Scraped caption text data
=== Section Start ===
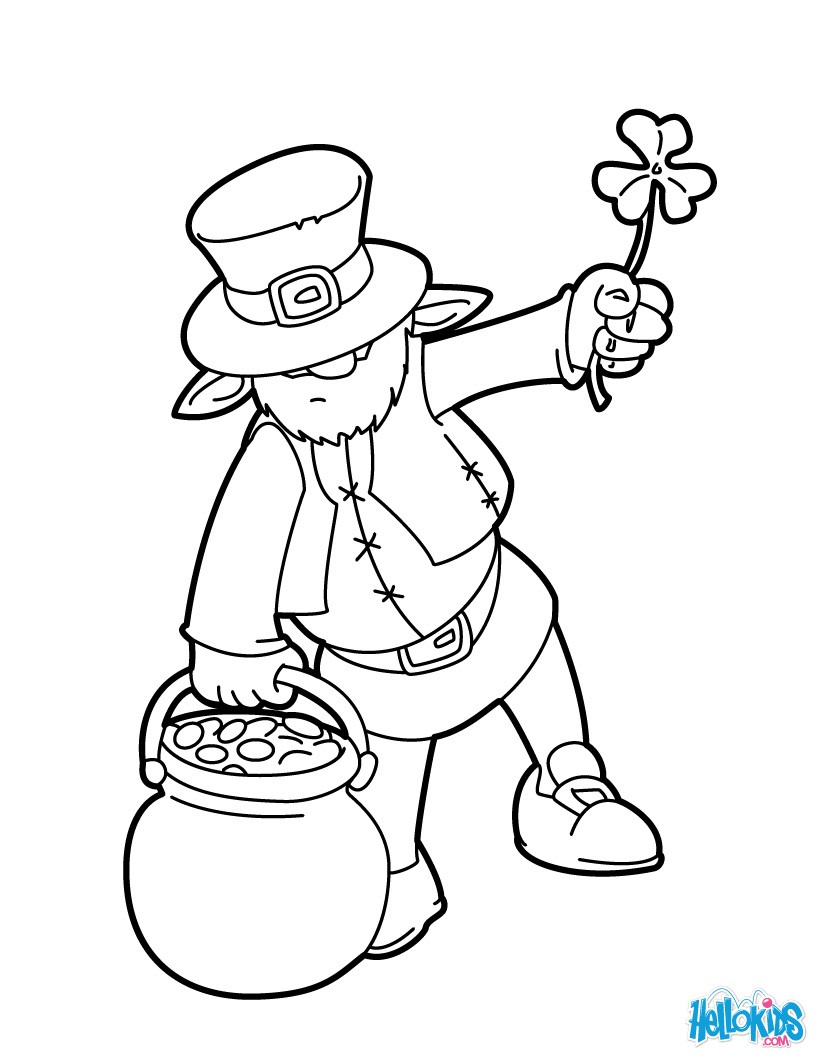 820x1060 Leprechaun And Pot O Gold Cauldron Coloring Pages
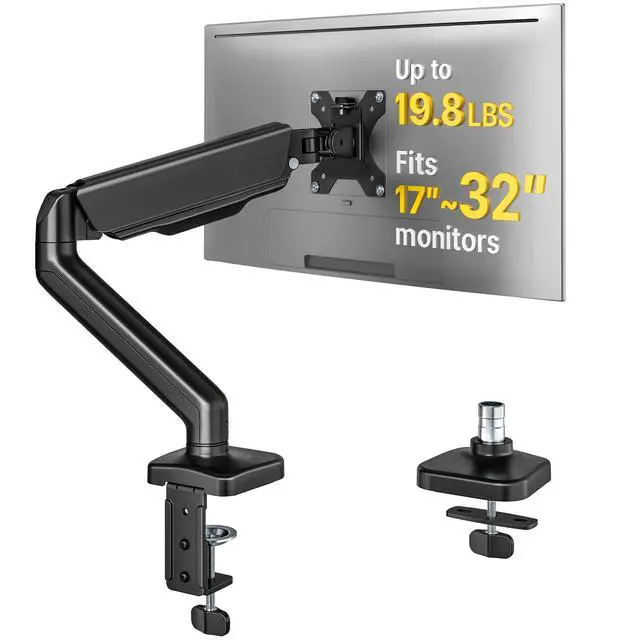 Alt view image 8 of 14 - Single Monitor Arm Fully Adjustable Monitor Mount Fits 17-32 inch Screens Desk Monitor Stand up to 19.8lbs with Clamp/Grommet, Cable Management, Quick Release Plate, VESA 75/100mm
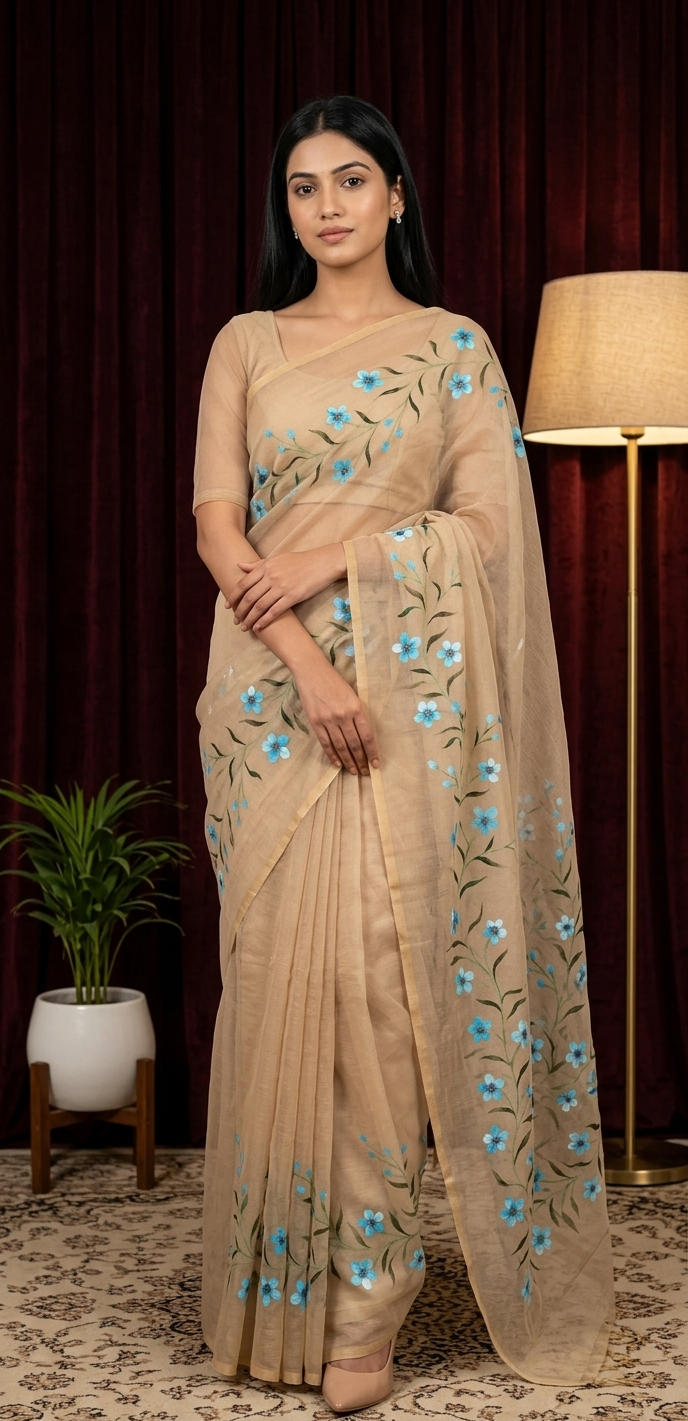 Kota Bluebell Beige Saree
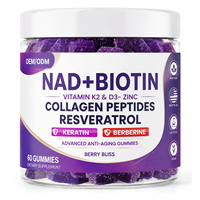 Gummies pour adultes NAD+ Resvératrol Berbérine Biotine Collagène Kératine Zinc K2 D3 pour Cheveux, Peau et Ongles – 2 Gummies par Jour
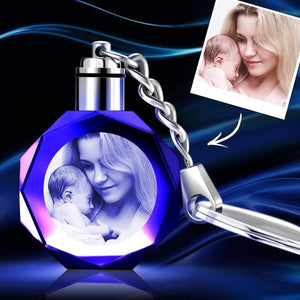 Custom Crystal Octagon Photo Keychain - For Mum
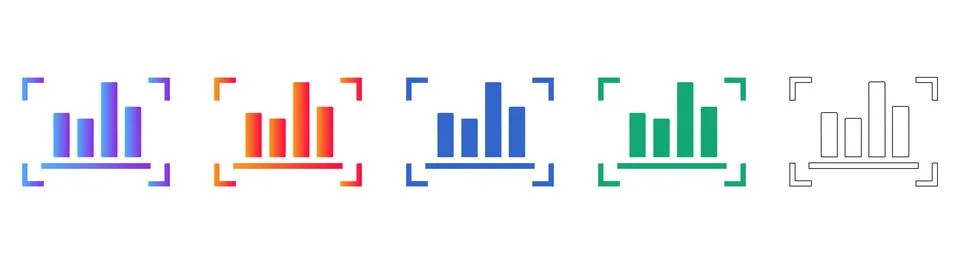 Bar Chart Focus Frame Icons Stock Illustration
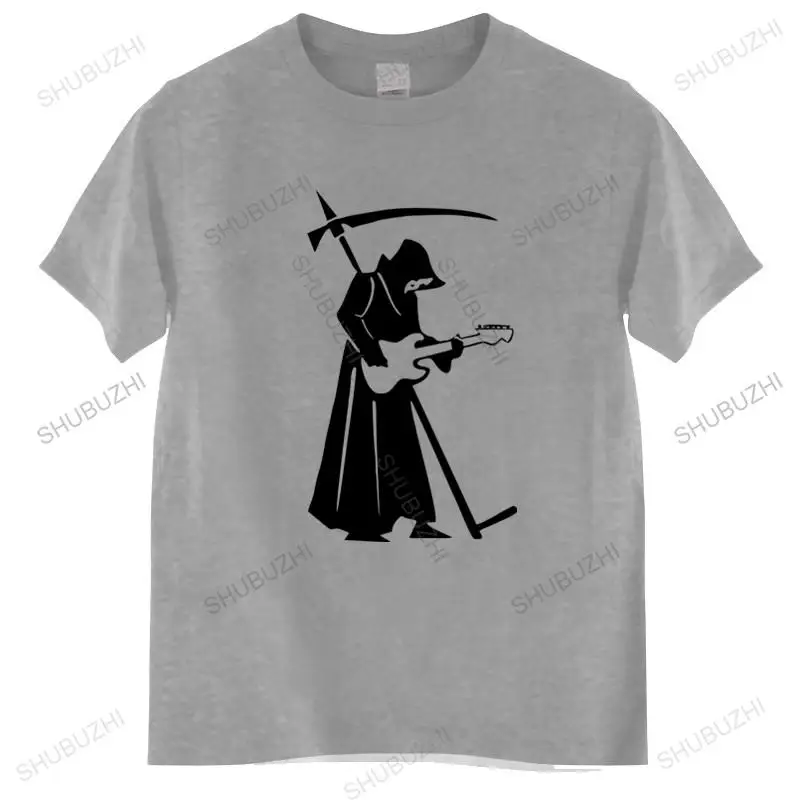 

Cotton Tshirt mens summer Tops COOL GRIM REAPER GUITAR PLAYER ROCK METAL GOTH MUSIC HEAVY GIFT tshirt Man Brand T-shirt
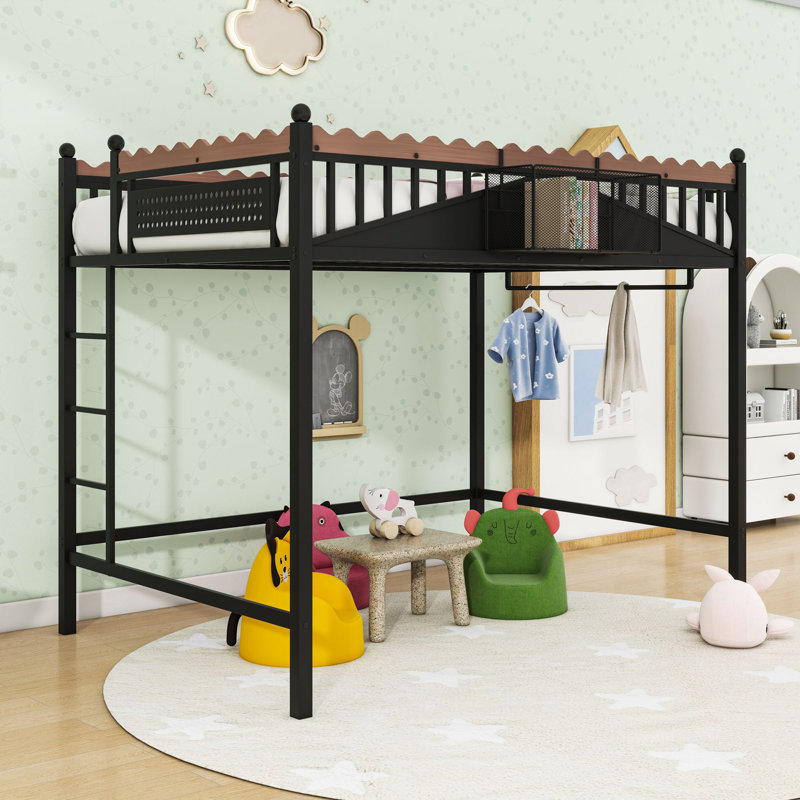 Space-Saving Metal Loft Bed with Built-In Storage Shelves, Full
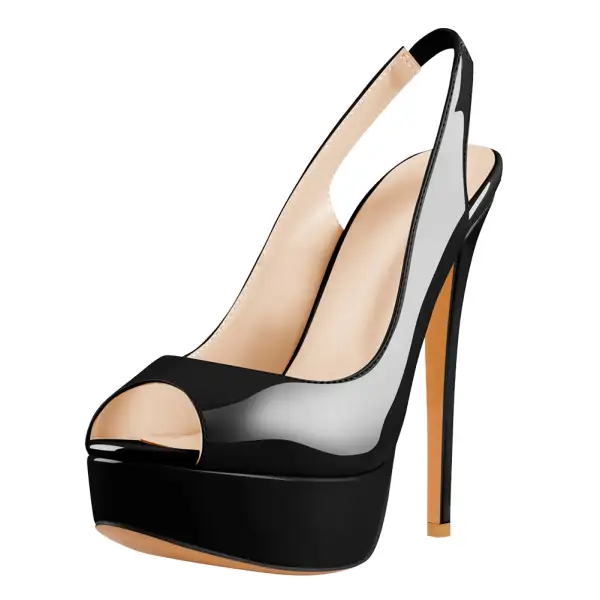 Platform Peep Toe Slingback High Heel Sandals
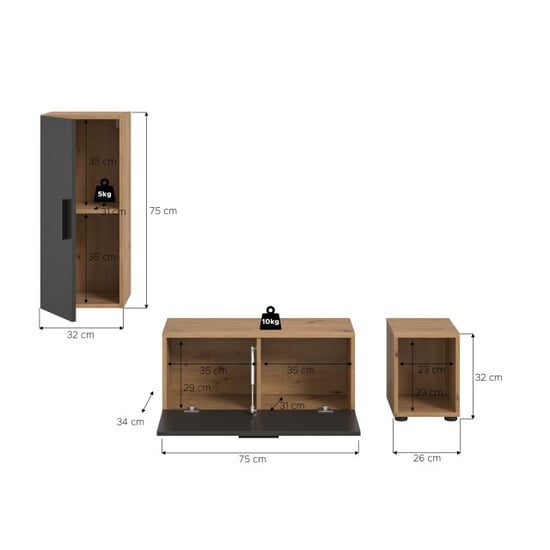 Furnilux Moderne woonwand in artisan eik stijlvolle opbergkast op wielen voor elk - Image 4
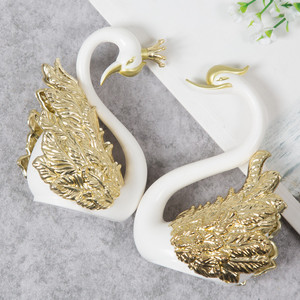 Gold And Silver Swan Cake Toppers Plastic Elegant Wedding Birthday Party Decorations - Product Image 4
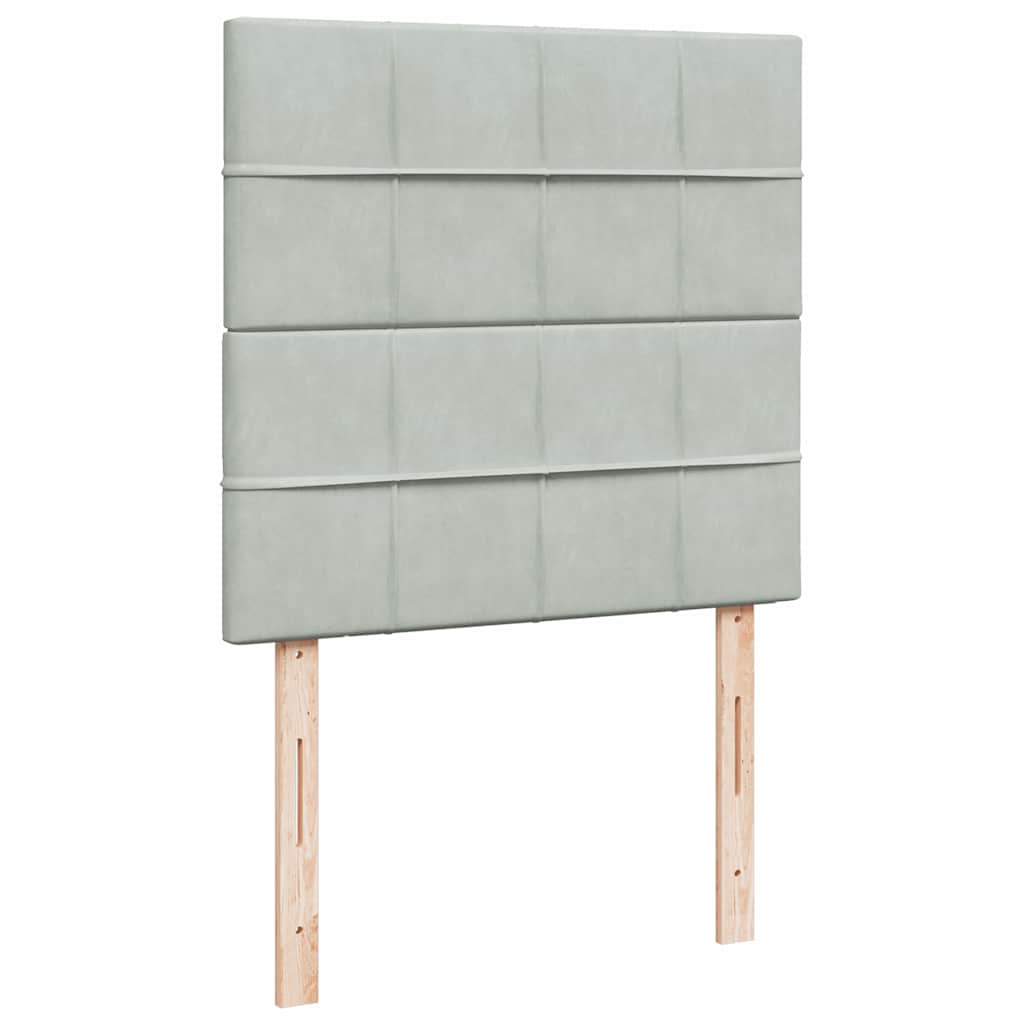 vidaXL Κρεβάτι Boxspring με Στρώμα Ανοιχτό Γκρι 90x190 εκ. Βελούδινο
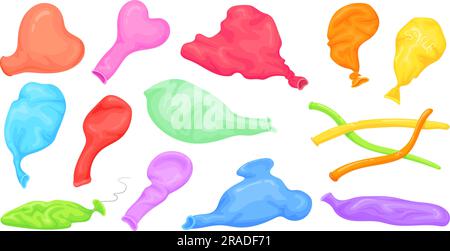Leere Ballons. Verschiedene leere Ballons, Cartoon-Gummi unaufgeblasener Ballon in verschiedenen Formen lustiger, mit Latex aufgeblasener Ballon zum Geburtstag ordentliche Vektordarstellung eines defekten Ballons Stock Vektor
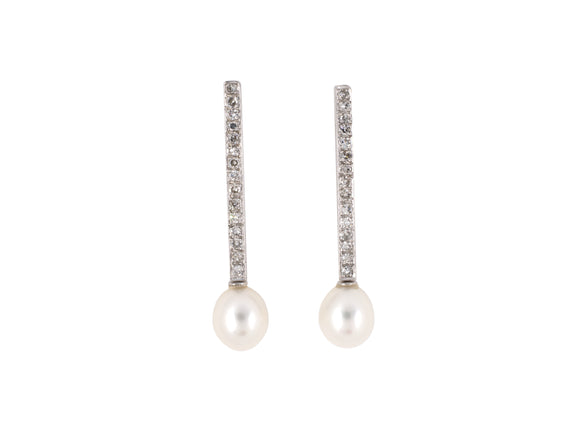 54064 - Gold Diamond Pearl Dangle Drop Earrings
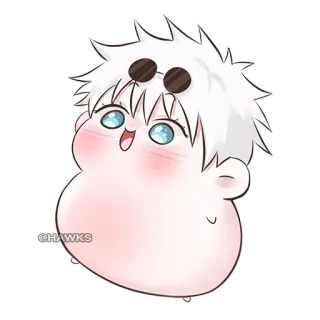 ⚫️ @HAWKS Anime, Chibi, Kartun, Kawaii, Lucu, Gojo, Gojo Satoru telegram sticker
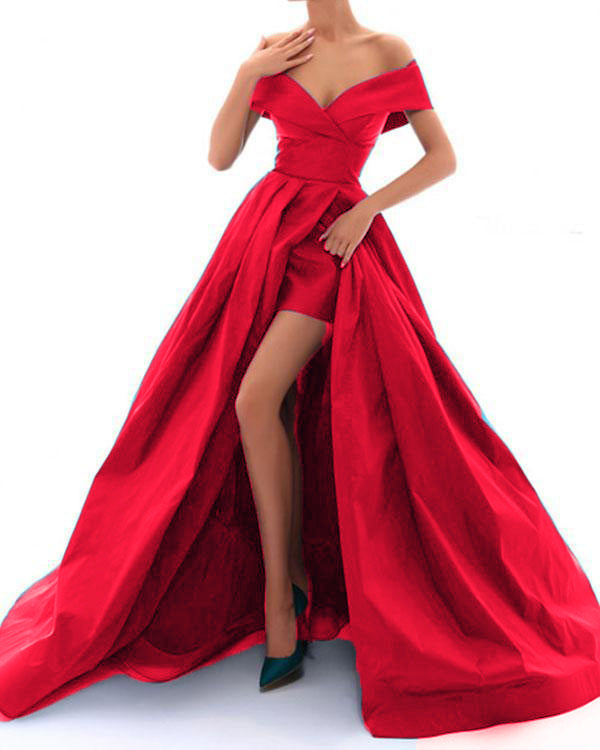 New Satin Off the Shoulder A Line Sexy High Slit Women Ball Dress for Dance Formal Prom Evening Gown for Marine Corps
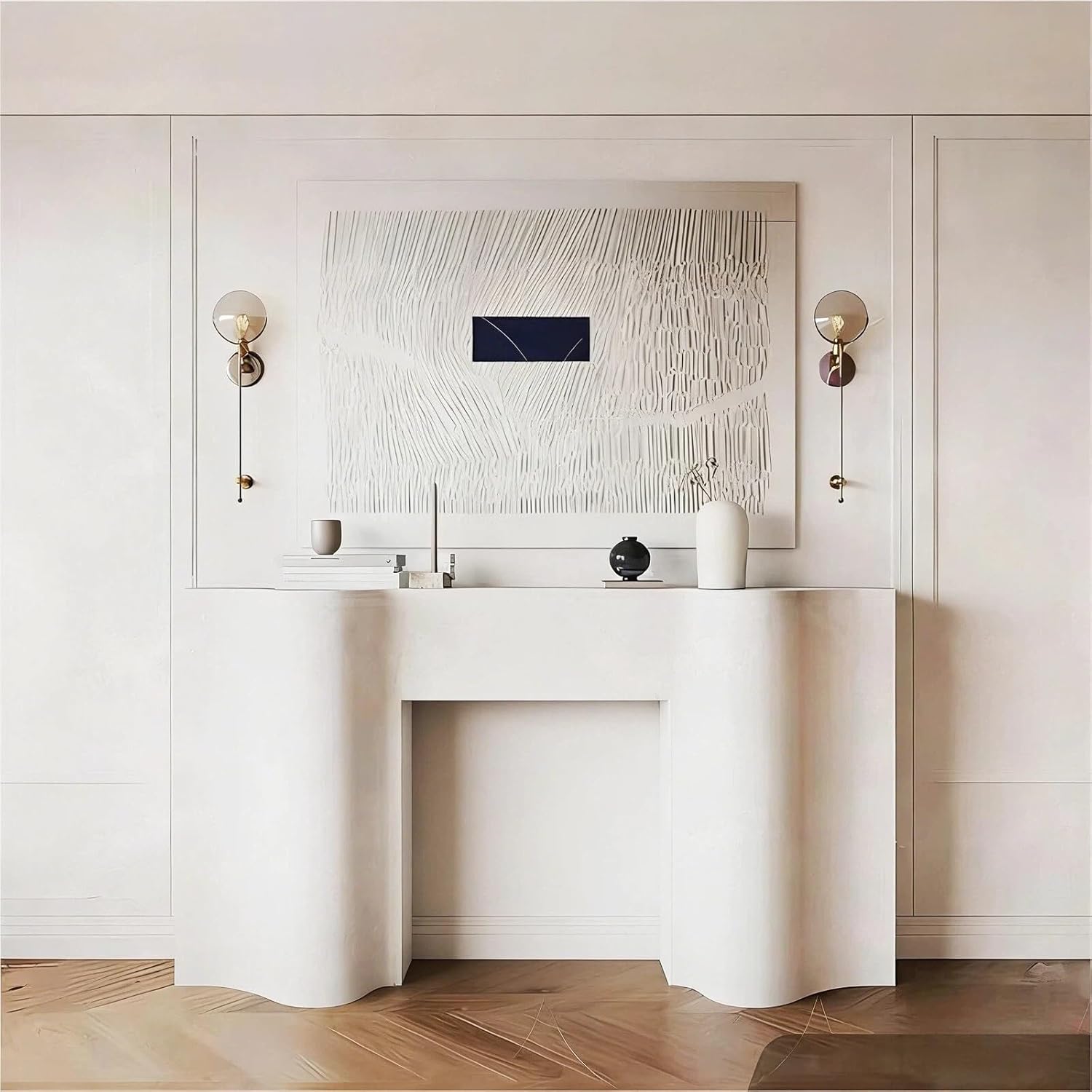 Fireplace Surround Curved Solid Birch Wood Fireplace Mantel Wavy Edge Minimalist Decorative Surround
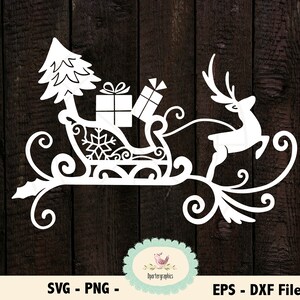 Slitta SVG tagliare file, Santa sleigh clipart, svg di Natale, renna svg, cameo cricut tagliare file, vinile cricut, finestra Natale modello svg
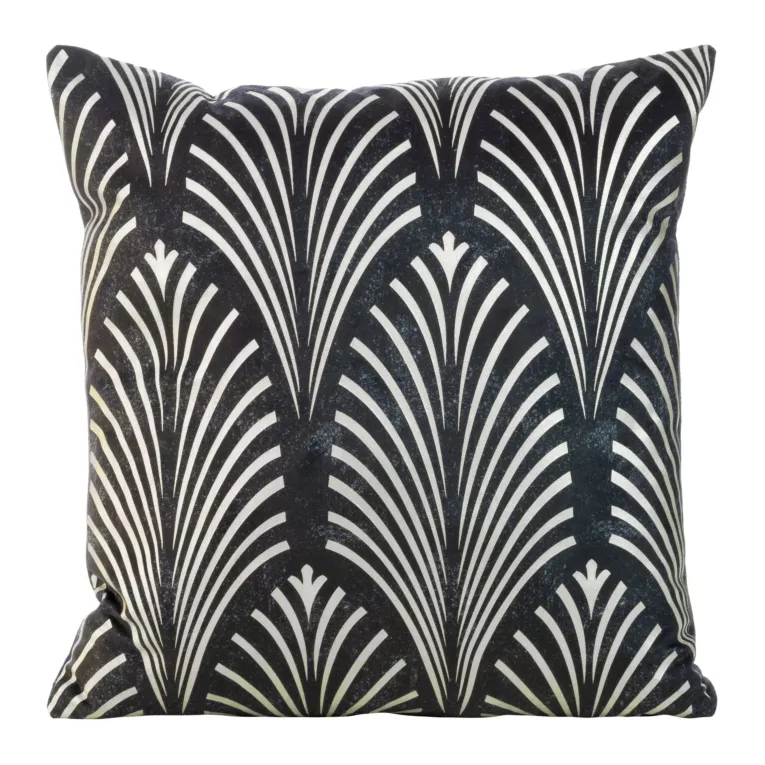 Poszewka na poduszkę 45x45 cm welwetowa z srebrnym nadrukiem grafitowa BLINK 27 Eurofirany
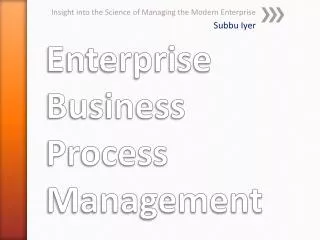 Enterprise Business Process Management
=== Section End ===
WHAT IS REQUIRED
Please return the entries above exactly as they appear, but without the pictures.

TASK RESPONSE
 820x1060 Leprechaun And Pot O Gold Cauldron Coloring Pages
 Alt view image 8 of 14 - Single Monitor Arm Fully Adjustable Monitor Mount Fits 17-32 inch Screens Desk Monitor Stand up to 19.8lbs with Clamp/Grommet, Cable Management, Quick Release Plate, VESA 75/100mm
 Kota Bluebell Beige Saree
 Gummies pour adultes NAD+ Resvératrol Berbérine Biotine Collagène Kératine Zinc K2 D3 pour Cheveux, Peau et Ongles – 2 Gummies par Jour
 Custom Crystal Octagon Photo Keychain - For Mum
 Bar Chart Focus Frame Icons Stock Illustration

Cotton Tshirt mens summer Tops COOL GRIM REAPER GUITAR PLAYER ROCK METAL GOTH MUSIC HEAVY GIFT tshirt Man Brand T-shirt
 Space-Saving Metal Loft Bed with Built-In Storage Shelves, Full
 Platform Peep Toe Slingback High Heel Sandals
 Furnilux Moderne woonwand in artisan eik stijlvolle opbergkast op wielen voor elk - Image 4
 Gold And Silver Swan Cake Toppers Plastic Elegant Wedding Birthday Party Decorations - Product Image 4
 vidaXL Κρεβάτι Boxspring με Στρώμα Ανοιχτό Γκρι 90x190 εκ. Βελούδινο
Leere Ballons. Verschiedene leere Ballons, Cartoon-Gummi unaufgeblasener Ballon in verschiedenen Formen lustiger, mit Latex aufgeblasener Ballon zum Geburtstag ordentliche Vektordarstellung eines defekten Ballons Stock Vektor
 54064 - Gold Diamond Pearl Dangle Drop Earrings
 ⚫️ @HAWKS Anime, Chibi, Kartun, Kawaii, Lucu, Gojo, Gojo Satoru telegram sticker
 New Satin Off the Shoulder A Line Sexy High Slit Women Ball Dress for Dance Formal Prom Evening Gown for Marine Corps
 Fireplace Surround Curved Solid Birch Wood Fireplace Mantel Wavy Edge Minimalist Decorative Surround
 Slitta SVG tagliare file, Santa sleigh clipart, svg di Natale, renna svg, cameo cricut tagliare file, vinile cricut, finestra Natale modello svg
 Poszewka na poduszkę 45x45 cm welwetowa z srebrnym nadrukiem grafitowa BLINK 27 Eurofirany
 Enterprise Business Process Management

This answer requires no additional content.